#include <stdio.h>
void main(void)
{
int a;
int result;
int sum = 0;
printf("Enter a number: ");
scanf("%d", &a);
for( int i = 1; i <= 4; i++ )
{
result = a ^ i;
sum += result;
}
printf("%d\n", sum);
}
Why is ^ not working as the power operator?
Well, first off, the ^ operator in C/C++ is the bit-wise XOR. It has nothing to do with powers.
Now, regarding your problem with using the pow() function, some googling shows that casting one of the arguments to double helps:
result = (int) pow((double) a,i);
Note that I also cast the result to int as all pow() overloads return double, not int. I don't have a MS compiler available so I couldn't check the code above, though.
Since C99, there are also float and long double functions called powf and powl respectively, if that is of any help.
In C ^ is the bitwise XOR:
0101 ^ 1100 = 1001 // in binary
There's no operator for power, you'll need to use pow function from math.h (or some other similar function):
result = pow( a, i );
First of all ^ is a Bitwise XOR operator not power operator.

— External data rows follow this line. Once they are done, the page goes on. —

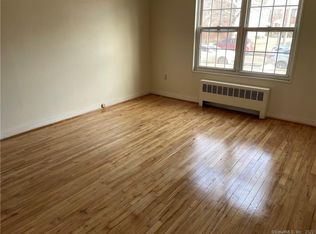 265 Texas Ave UNIT B, Bridgeport, CT 06610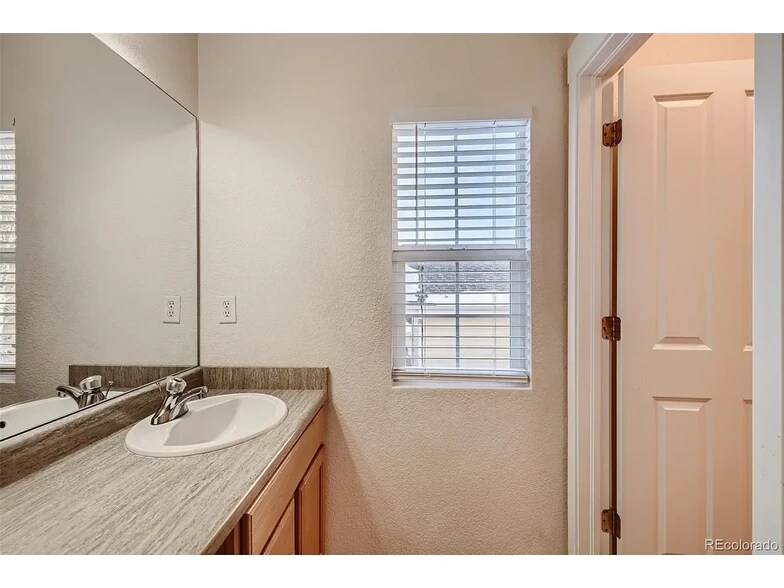 Building Photo - 13317 Glacier Rim Trl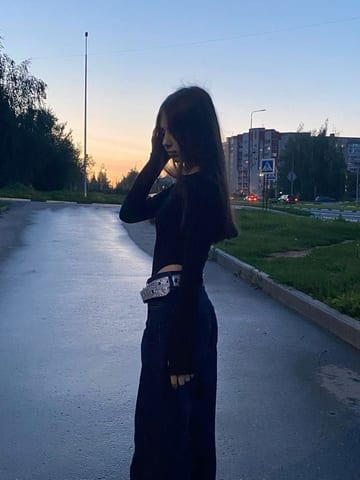 Чёрный топ и джинсы с поясом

You can use other things to find power of any number. You can use for loop to find power of any number
Here is a program to find x^y i.e. xy
double i, x, y, pow;
x = 2;
y = 5;
pow = 1;
for(i=1; i<=y; i++)
{
pow = pow * x;
}
printf("2^5 = %lf", pow);
You can also simply use pow() function to find power of any number
double power, x, y;
x = 2;
y = 5;
power = pow(x, y); /* include math.h header file */
printf("2^5 = %lf", power);
pow() doesn't work with int, hence the error "error C2668:'pow': ambiguous call to overloaded function"
http://www.cplusplus.com/reference/clibrary/cmath/pow/
Write your own power function for ints:
int power(int base, int exp)
{
int result = 1;
while(exp) { result *= base; exp--; }
return result;
}
include math.h and compile with gcc test.c -lm
It's not working because c as well as c++ do not have any operators to perform power operations.
What you can do is, you can use math.h library and use pow function. There is a Function for this instead of the operator.
` #include<stdio.h>
#include<math.h>
int main(){
int base = 3;
int power = 5;
pow(double(base), double(power));
return 0;
}`
You actually have to use pow(number, power);. Unfortunately, carats don't work as a power sign in C. Many times, if you find yourself not being able to do something from another language, its because there is a diffetent function that does it for you.
There is no way to use the ^ (Bitwise XOR) operator to calculate the power of a number.
Therefore, in order to calculate the power of a number we have two options, either we use a while loop or the pow() function.
1. Using a while loop.
#include <stdio.h>
int main() {
int base, expo;
long long result = 1;
printf("Enter a base no.: ");
scanf("%d", &base);
printf("Enter an exponent: ");
scanf("%d", &expo);
while (expo != 0) {
result *= base;
--expo;
}
printf("Answer = %lld", result);
return 0;
}
2. Using the pow() function
#include <math.h>
#include <stdio.h>
int main() {
double base, exp, result;
printf("Enter a base number: ");
scanf("%lf", &base);
printf("Enter an exponent: ");
scanf("%lf", &exp);
// calculate the power of our input numbers
result = pow(base, exp);
printf("%.1lf^%.1lf = %.2lf", base, exp, result);
return 0;
}
If you are trying to calculate the power of base 2, you can use the bitwise shift operator to calculate the power. For example, say you wanted to calculate 2 to the power of 8.
2 << 7
For integer exponent, you may simply write your implementation of pow()
int myPow(int x, int n)
{
if (n == 0) return 1;
return x * myPow(x, n - 1);
}
All the solutions here, except for the ones that use math.h will not work for fractional powers.
The last example here is by far the worst and acctually copy'n'paste. It is not only slow but it will break stuff at some point. Just use the math.h with pow() as already stated and that's good enough. If you are not allowed to use math.h, use a tail-recursive function, that saves the current operation result in an accumulator and returns the accumulator at the end, thus avoiding exploding function calls due to extensive traces.